- [Goal of the exercise]: Restate word for word the lines below, from the one containing "Comodino 40x30x50 cm" through the final line, with no pictures included.

Short descriptive text snippets:
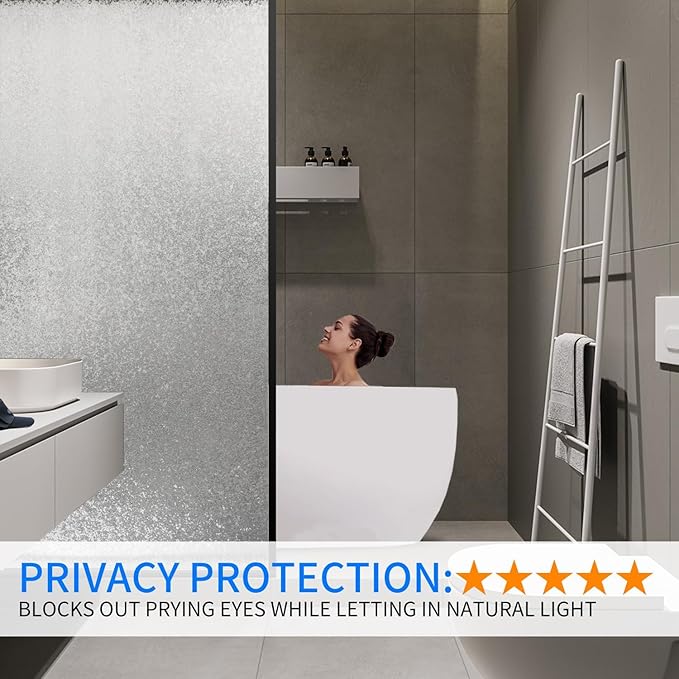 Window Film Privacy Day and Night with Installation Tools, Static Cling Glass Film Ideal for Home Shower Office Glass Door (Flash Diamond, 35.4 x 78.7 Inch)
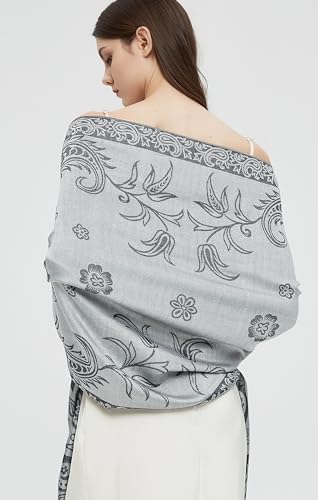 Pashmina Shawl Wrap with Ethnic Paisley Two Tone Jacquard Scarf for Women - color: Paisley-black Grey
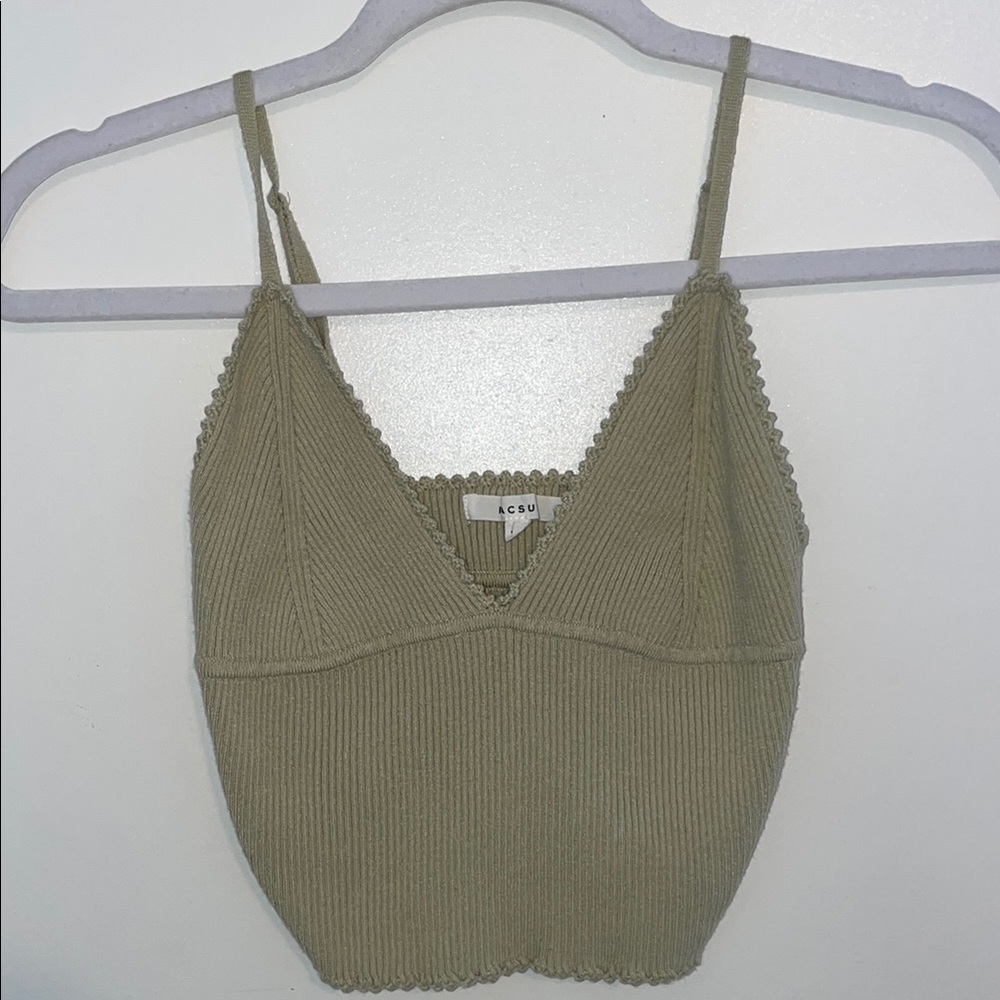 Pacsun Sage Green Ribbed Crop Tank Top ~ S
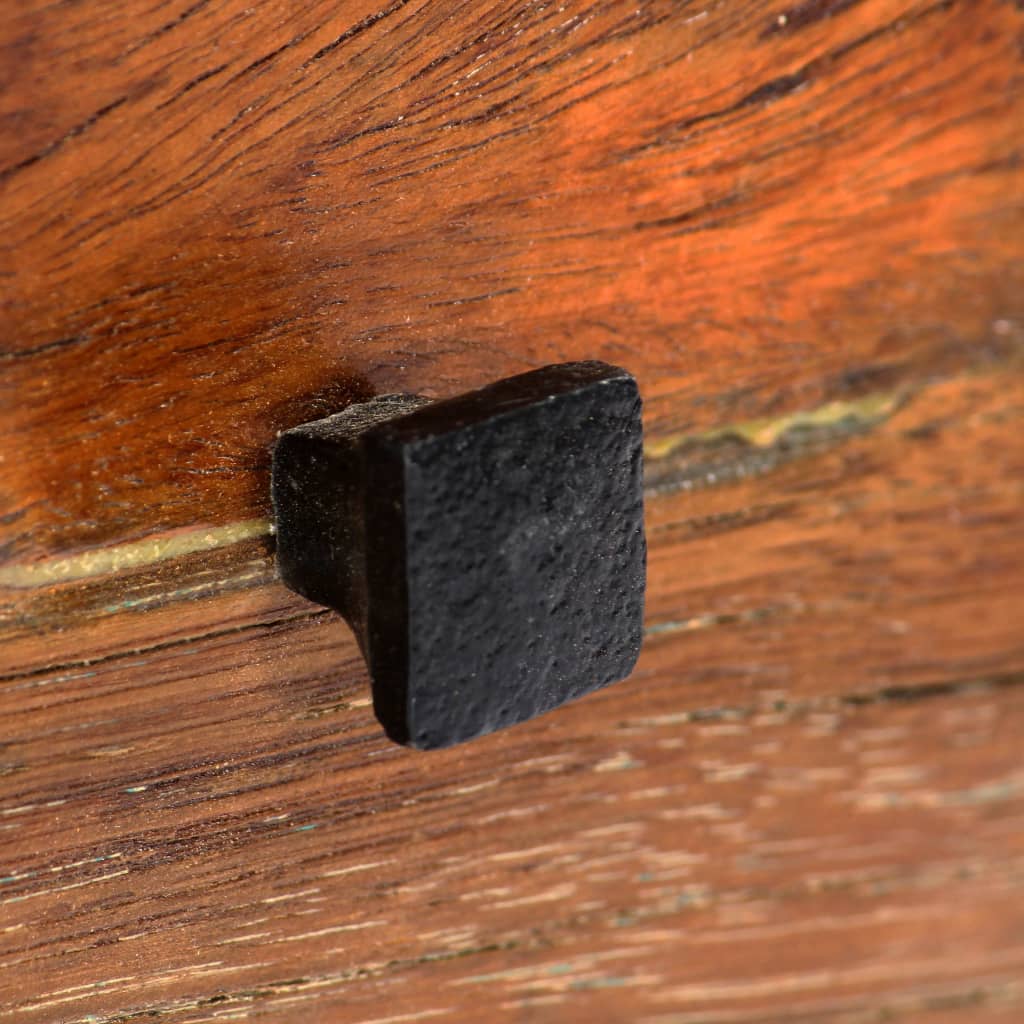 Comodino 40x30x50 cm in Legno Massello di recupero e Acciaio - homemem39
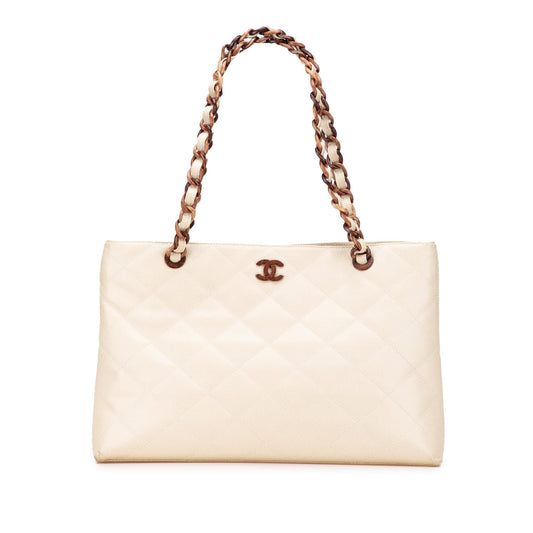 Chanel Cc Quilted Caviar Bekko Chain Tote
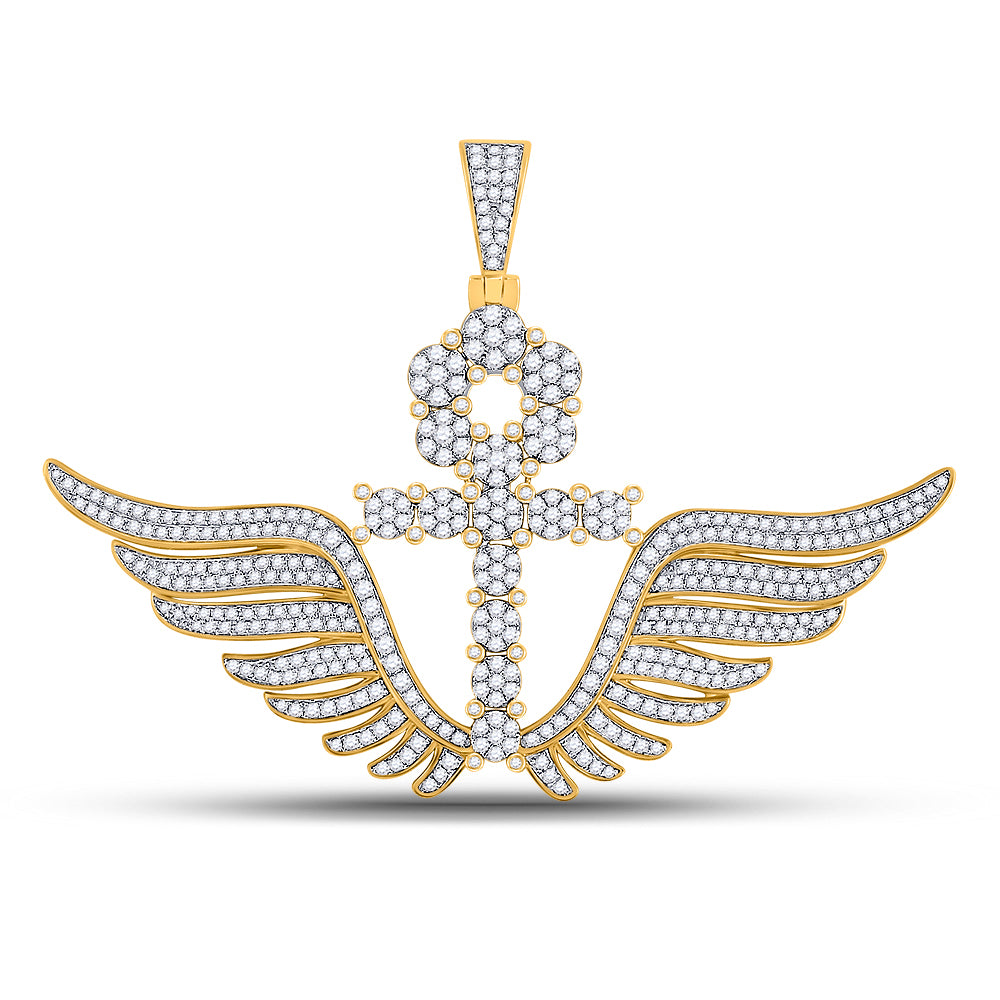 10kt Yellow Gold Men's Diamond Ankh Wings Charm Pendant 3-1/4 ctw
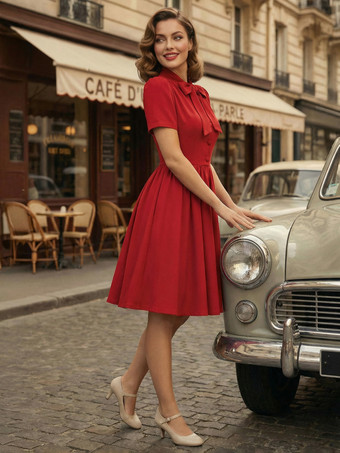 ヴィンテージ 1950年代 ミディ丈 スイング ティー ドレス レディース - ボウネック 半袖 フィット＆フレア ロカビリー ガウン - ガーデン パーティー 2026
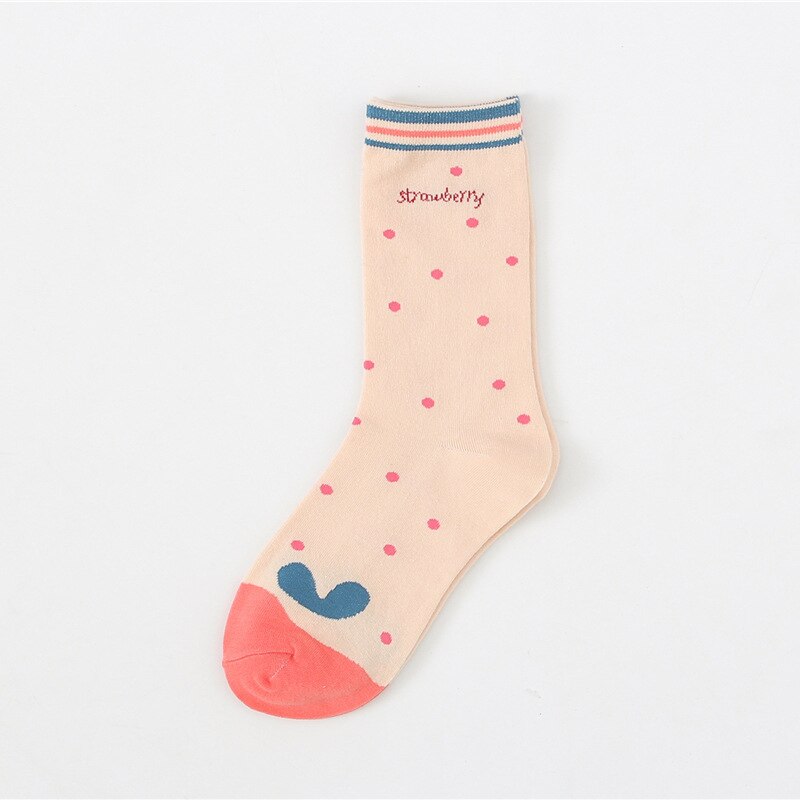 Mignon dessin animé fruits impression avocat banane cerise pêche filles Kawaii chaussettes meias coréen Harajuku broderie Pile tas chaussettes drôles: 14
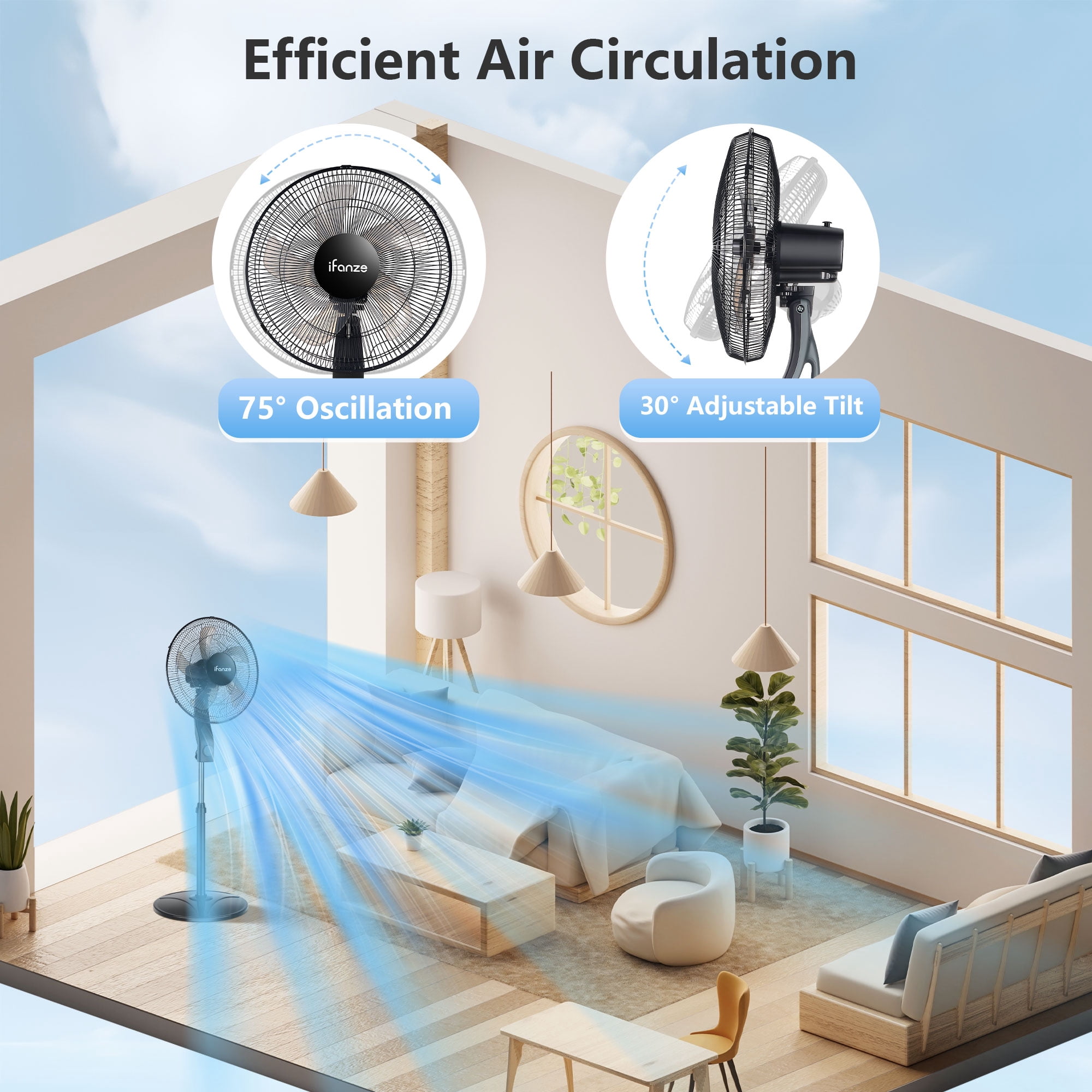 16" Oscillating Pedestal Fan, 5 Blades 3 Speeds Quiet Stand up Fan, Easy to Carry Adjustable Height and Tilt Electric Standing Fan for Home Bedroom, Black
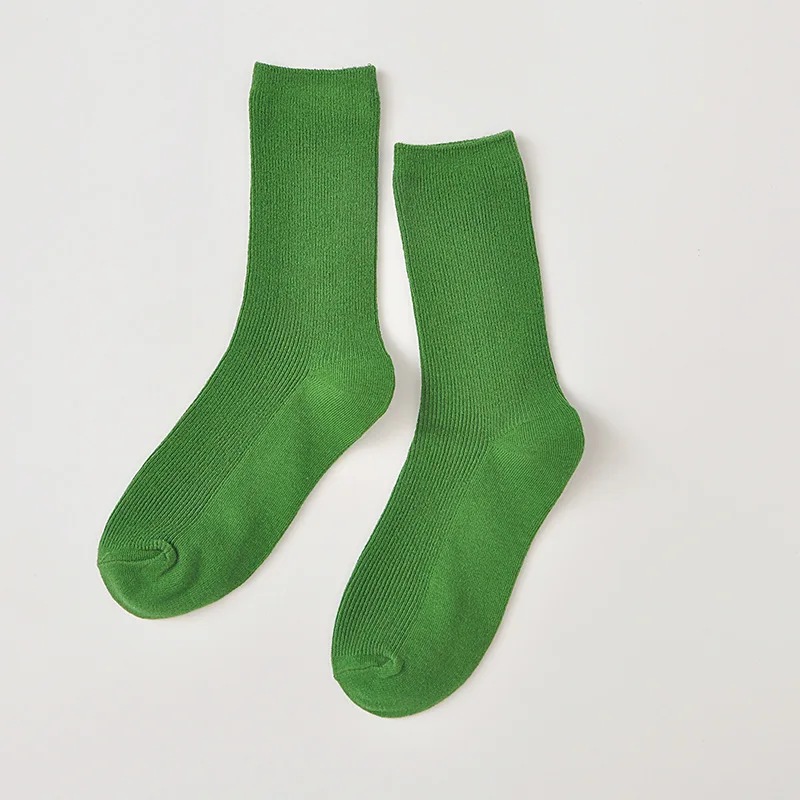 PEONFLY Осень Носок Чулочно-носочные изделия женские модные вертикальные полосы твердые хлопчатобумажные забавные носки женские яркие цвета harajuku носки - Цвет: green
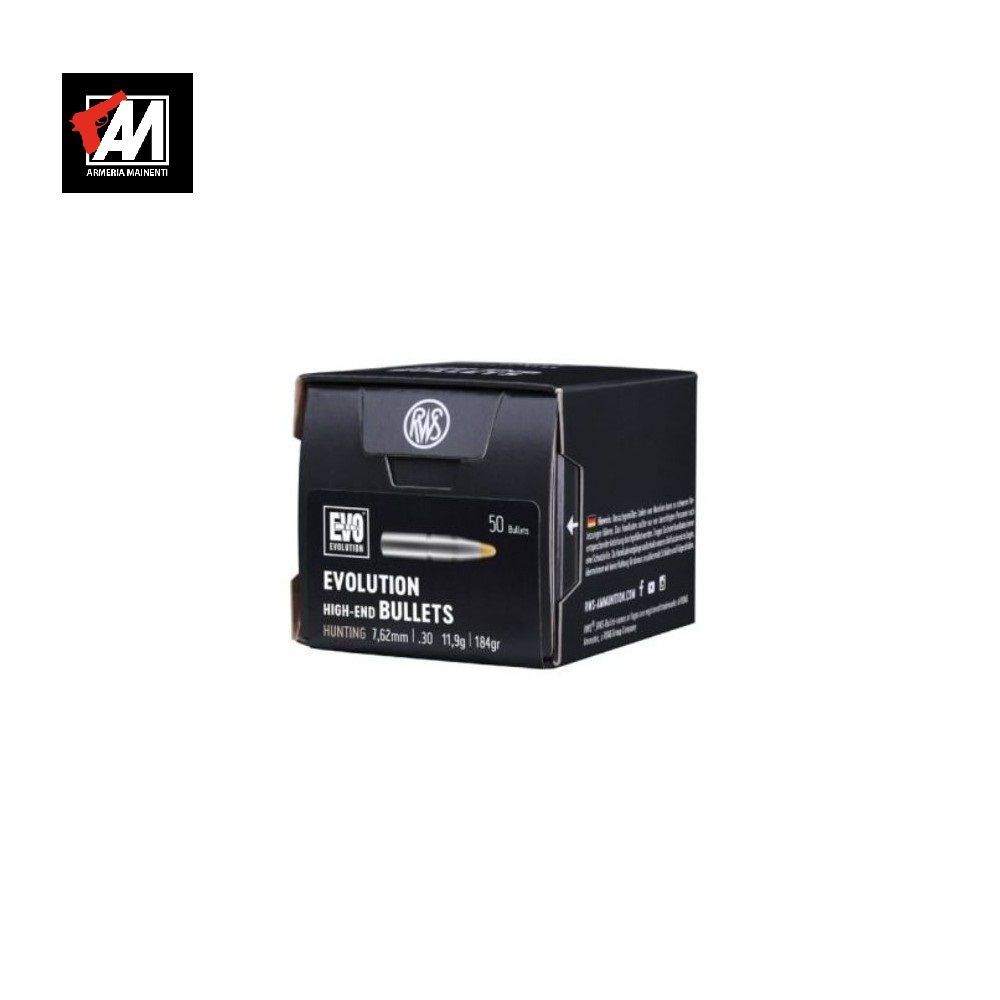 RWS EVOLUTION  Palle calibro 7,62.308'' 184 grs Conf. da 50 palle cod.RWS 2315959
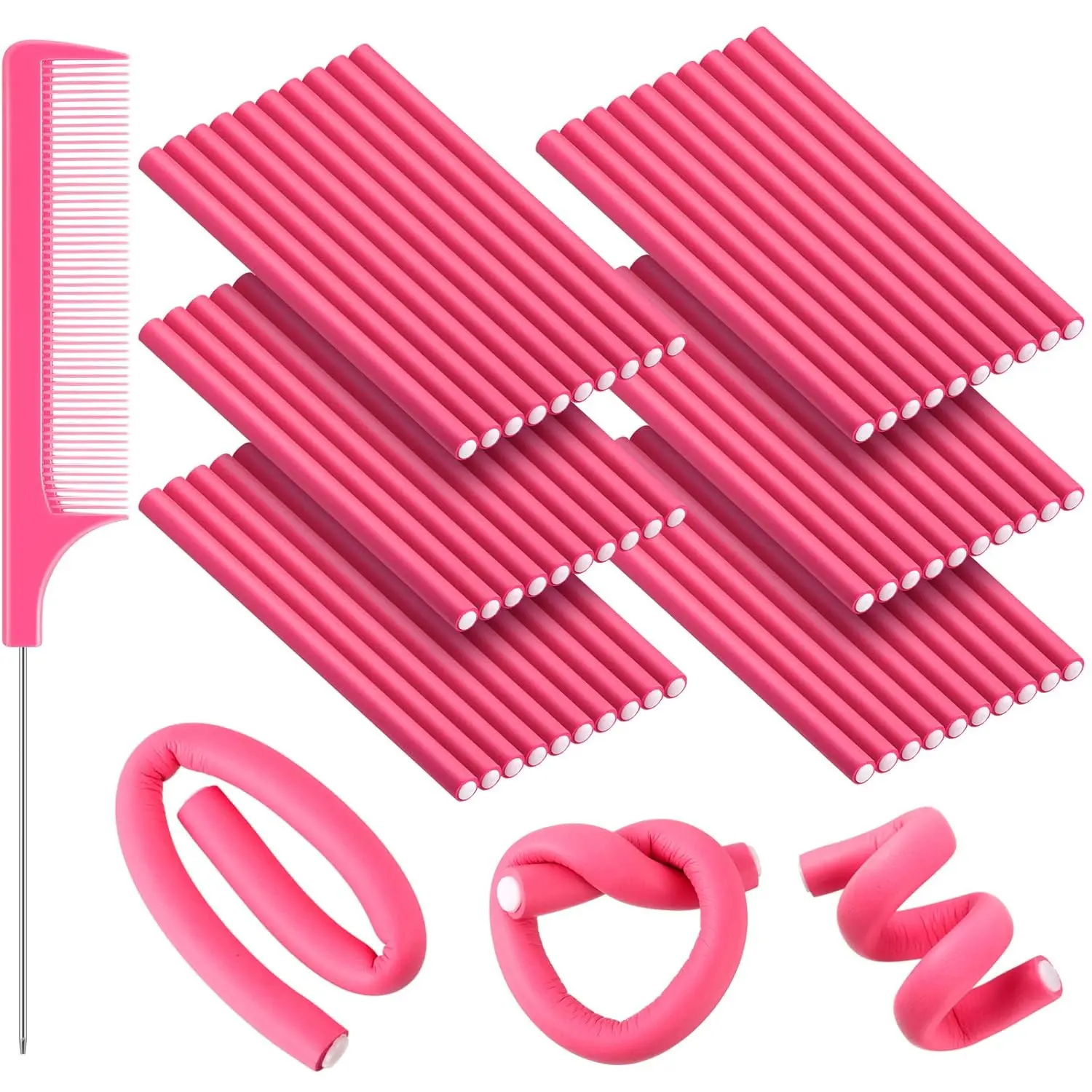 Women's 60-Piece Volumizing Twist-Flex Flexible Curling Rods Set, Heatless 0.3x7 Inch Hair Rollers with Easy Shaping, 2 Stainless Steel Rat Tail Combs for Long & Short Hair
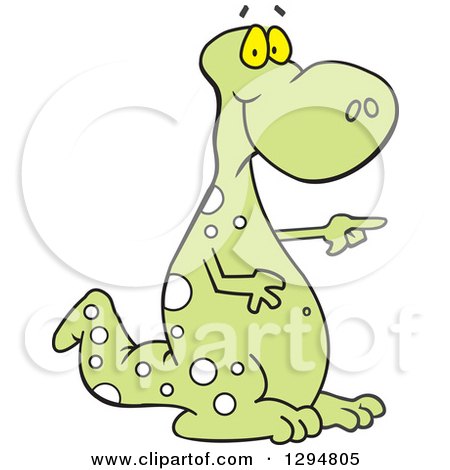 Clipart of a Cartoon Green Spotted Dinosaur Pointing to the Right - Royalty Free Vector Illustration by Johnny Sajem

- [Exercise response]:
 Comodino 40x30x50 cm in Legno Massello di recupero e Acciaio - homemem39
 Chanel Cc Quilted Caviar Bekko Chain Tote
 10kt Yellow Gold Men's Diamond Ankh Wings Charm Pendant 3-1/4 ctw
 ヴィンテージ 1950年代 ミディ丈 スイング ティー ドレス レディース - ボウネック 半袖 フィット＆フレア ロカビリー ガウン - ガーデン パーティー 2026
 Mignon dessin animé fruits impression avocat banane cerise pêche filles Kawaii chaussettes meias coréen Harajuku broderie Pile tas chaussettes drôles: 14
 16" Oscillating Pedestal Fan, 5 Blades 3 Speeds Quiet Stand up Fan, Easy to Carry Adjustable Height and Tilt Electric Standing Fan for Home Bedroom, Black
 PEONFLY Осень Носок Чулочно-носочные изделия женские модные вертикальные полосы твердые хлопчатобумажные забавные носки женские яркие цвета harajuku носки - Цвет: green
 RWS EVOLUTION  Palle calibro 7,62.308'' 184 grs Conf. da 50 palle cod.RWS 2315959
 Women's 60-Piece Volumizing Twist-Flex Flexible Curling Rods Set, Heatless 0.3x7 Inch Hair Rollers with Easy Shaping, 2 Stainless Steel Rat Tail Combs for Long & Short Hair
 Clipart of a Cartoon Green Spotted Dinosaur Pointing to the Right - Royalty Free Vector Illustration by Johnny Sajem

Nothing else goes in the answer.